There shall be the following minimum gaps between use periods:
(a)
The minimum gap between seven (7) day periods shall be ten (10) days.
(b)
The minimum gap between any seven (7) day period and any fourteen (14) day period shall be thirty (30) days, regardless of chronological order.
(c)
The minimum gap between fourteen (14) day periods shall be thirty (30) days.
Tents can be no larger than twenty (20) percent of the parking area nearest a public street.
(6)
Construction offices in manufactured structures in any zoning district during construction of a project. Such structures shall be removed within fifteen (15) days after completion of the project.
(7)
Tents in large (twenty-five (25) acres and greater) PDD's (Planned Development Districts) once a site plan, type of use within the tent and specified period of use are approved through the PDD amendment process.
(Ord. No. 88-35, 11-1-88; Ord. No. 99-05, §§ 1, 2, 4-5-99; Ord. No. 02-37, §§ 1, 2, 9-16-02; Ord. No. 03-06, § 1, 3-17-03; Ord. No. 04-61, § 1, 11-15-04; Ord. No. 05-50, § 1, 11-7-05; Ord. No. 09-36, § 11, 11-16-09; Ord. No. 18-10, § 1, 5-7-18)
With the exception of a building/structure that exists solely to serve a public utility, every building hereafter erected or moved shall be on a lot fronting on a public street, or an approved private street, and all structures shall be so located as to provide safe and convenient access for servicing, fire protection, and required off-street parking. Lot frontage shall be no less than fifty (50) percent of the required lot width, measured at the building line.
(Ord.
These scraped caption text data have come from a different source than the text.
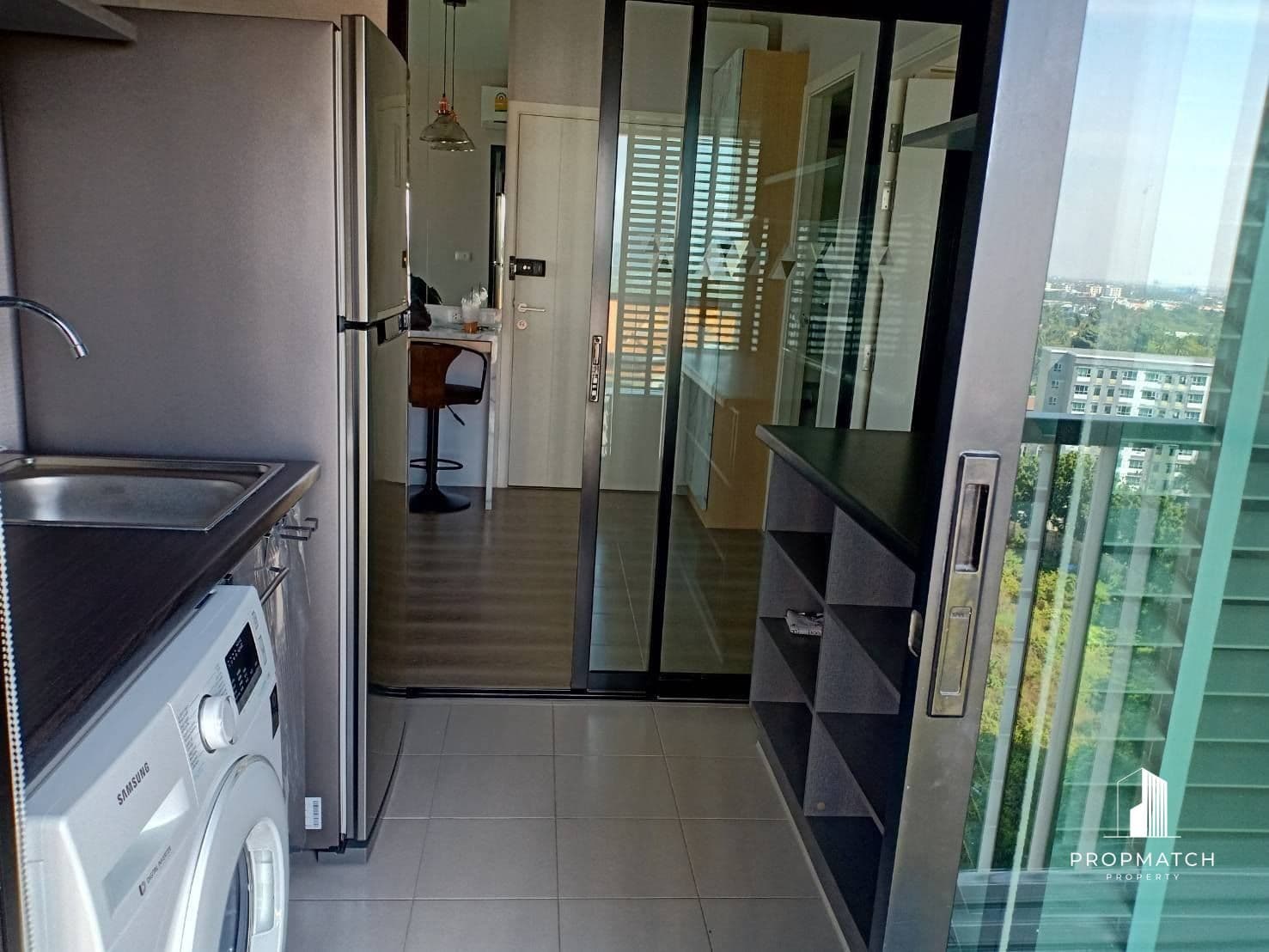 Aspire Sathon - Taksin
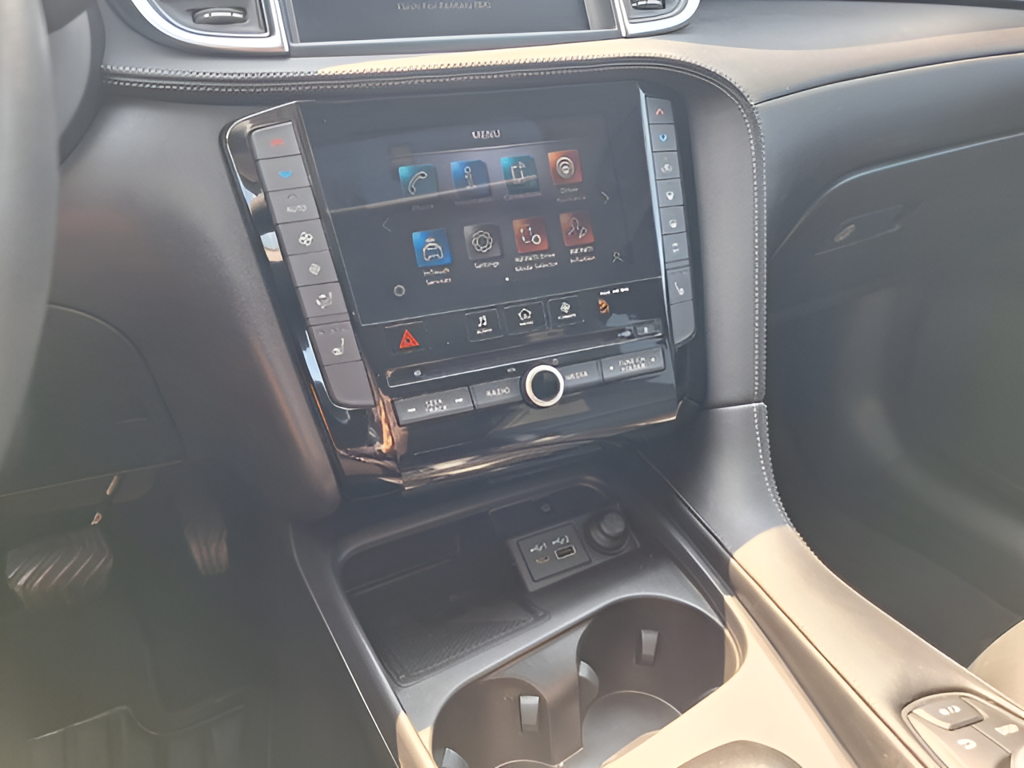 2024 INFINITI QX50 LUXE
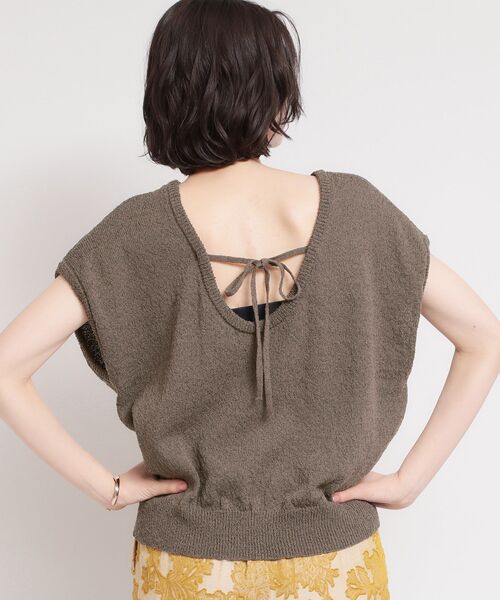 THE SHOP TK (ザ ショップ ティーケー )の「さりげない抜け感 ペーパーヤーン風ニット(ニット/セーター・レディース・ブルー/ダークブラウン/ベージュ系その他5・12/13)」の5枚目の写真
No. 88-35, 11-1-88; Ord. No. 14-16, § 1, 6-16-14)
For purposes of these regulations, "major recreational equipment" is defined as including boats and boat trailers, pickup campers or coaches (designed to be mounted on automobile vehicles), motorized dwellings, tent trailers, and the like, and cases or boxes used for transporting recreational equipment, whether occupied by such equipment or not. No major recreational equipment shall be parked or stored on any lot in a residential district except in a carport or enclosed building or behind the nearest portion of a building to a street; however, such equipment may be parked anywhere on residential premises not to exceed twenty-four (24) hours during loading and unloading. No such equipment shall be used for living, sleeping or housekeeping purposes when parked or stored on a residential lot, or in any location not approved for such use.
(Ord. No. 88-35, 11-1-88)
Automotive vehicles or trailers of any kind or type without current license plates shall not be parked or stored on any residentially zoned property other than in completely enclosed buildings, excluding nonconforming commercial and/or industrial uses.
(Ord. No. 88-35, 11-1-88)
All territory which may hereafter be annexed to the City of North Myrtle Beach shall be submitted first to the North Myrtle Beach Planning Commission for zoning designation. Representatives of the annexed territory may request a zoning classification at the time of annexation, but it must be reviewed by the commission, which shall submit its recommendation as to the type of zoning to be attached to said territory. The city council shall act on the zoning recommendation at the same it rules on the annexation.
(a)
For properties annexed into the city with preexisting setbacks designated through recorded plat or deed, the zoning administrator may allow the smaller, less-restrictive, setbacks to apply.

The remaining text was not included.